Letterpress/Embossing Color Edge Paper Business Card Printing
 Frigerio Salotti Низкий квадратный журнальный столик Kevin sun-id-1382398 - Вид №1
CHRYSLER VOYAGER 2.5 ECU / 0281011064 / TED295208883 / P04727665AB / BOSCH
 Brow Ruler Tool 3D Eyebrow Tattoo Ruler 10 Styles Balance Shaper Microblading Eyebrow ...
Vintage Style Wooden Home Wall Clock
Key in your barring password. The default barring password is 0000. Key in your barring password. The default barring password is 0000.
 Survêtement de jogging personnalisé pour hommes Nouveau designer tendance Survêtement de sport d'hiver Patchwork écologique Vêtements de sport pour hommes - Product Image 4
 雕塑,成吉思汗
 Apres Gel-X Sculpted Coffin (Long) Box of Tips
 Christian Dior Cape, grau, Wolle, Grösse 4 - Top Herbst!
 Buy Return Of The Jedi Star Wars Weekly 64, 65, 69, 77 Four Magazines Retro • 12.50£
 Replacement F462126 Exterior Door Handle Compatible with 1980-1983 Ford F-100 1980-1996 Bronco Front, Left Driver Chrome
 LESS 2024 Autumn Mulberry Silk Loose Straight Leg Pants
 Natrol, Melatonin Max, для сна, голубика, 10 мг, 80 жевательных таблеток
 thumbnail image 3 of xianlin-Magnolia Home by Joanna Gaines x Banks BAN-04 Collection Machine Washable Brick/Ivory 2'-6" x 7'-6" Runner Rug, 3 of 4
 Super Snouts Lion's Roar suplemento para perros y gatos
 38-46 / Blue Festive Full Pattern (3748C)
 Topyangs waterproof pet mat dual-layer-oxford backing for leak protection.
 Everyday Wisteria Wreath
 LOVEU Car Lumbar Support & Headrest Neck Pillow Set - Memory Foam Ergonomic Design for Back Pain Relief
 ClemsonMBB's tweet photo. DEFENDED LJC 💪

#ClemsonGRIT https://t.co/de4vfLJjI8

——

* Exercise requirements: Give again exactly, and only, the lines above starting at the one with "Frigerio Salotti Низкий" and ending at the one with "Apres Gel-X Sculpted".

* Exercise response:
 Frigerio Salotti Низкий квадратный журнальный столик Kevin sun-id-1382398 - Вид №1
CHRYSLER VOYAGER 2.5 ECU / 0281011064 / TED295208883 / P04727665AB / BOSCH
 Brow Ruler Tool 3D Eyebrow Tattoo Ruler 10 Styles Balance Shaper Microblading Eyebrow ...
Vintage Style Wooden Home Wall Clock
Key in your barring password. The default barring password is 0000. Key in your barring password. The default barring password is 0000.
 Survêtement de jogging personnalisé pour hommes Nouveau designer tendance Survêtement de sport d'hiver Patchwork écologique Vêtements de sport pour hommes - Product Image 4
 雕塑,成吉思汗
 Apres Gel-X Sculpted Coffin (Long) Box of Tips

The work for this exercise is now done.